_WHAT YOU NEED TO DO:_ Beneath this instruction is a block of data; output from it exactly the lines that run from the one containing "Vouliagmeni Apartment |" through the one containing "Engine Oil Filter", inclusive.

_DATA TO USE:_
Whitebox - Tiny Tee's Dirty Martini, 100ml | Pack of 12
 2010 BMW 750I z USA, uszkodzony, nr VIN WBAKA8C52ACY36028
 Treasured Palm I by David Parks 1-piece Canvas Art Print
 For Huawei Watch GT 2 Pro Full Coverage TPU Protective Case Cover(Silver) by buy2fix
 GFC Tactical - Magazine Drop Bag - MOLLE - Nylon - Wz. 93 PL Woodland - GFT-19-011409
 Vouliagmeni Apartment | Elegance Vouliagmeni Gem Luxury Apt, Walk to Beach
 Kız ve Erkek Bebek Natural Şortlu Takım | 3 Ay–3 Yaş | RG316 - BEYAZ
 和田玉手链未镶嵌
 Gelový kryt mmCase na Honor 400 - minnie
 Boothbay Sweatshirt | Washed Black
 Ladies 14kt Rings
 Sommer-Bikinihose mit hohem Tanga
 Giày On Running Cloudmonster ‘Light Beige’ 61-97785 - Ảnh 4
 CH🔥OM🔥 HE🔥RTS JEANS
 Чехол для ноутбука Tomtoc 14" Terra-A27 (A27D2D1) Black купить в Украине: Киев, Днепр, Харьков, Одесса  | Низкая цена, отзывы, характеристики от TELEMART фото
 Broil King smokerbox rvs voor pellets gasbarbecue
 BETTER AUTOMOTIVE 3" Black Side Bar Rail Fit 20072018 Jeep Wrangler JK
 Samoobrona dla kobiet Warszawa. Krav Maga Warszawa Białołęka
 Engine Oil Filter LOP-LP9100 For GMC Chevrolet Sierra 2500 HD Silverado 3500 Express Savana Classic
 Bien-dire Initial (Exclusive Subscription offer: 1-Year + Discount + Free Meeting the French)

_SOLUTION TO THIS PROBLEM:_
 Vouliagmeni Apartment | Elegance Vouliagmeni Gem Luxury Apt, Walk to Beach
 Kız ve Erkek Bebek Natural Şortlu Takım | 3 Ay–3 Yaş | RG316 - BEYAZ
 和田玉手链未镶嵌
 Gelový kryt mmCase na Honor 400 - minnie
 Boothbay Sweatshirt | Washed Black
 Ladies 14kt Rings
 Sommer-Bikinihose mit hohem Tanga
 Giày On Running Cloudmonster ‘Light Beige’ 61-97785 - Ảnh 4
 CH🔥OM🔥 HE🔥RTS JEANS
 Чехол для ноутбука Tomtoc 14" Terra-A27 (A27D2D1) Black купить в Украине: Киев, Днепр, Харьков, Одесса  | Низкая цена, отзывы, характеристики от TELEMART фото
 Broil King smokerbox rvs voor pellets gasbarbecue
 BETTER AUTOMOTIVE 3" Black Side Bar Rail Fit 20072018 Jeep Wrangler JK
 Samoobrona dla kobiet Warszawa. Krav Maga Warszawa Białołęka
 Engine Oil Filter LOP-LP9100 For GMC Chevrolet Sierra 2500 HD Silverado 3500 Express Savana Classic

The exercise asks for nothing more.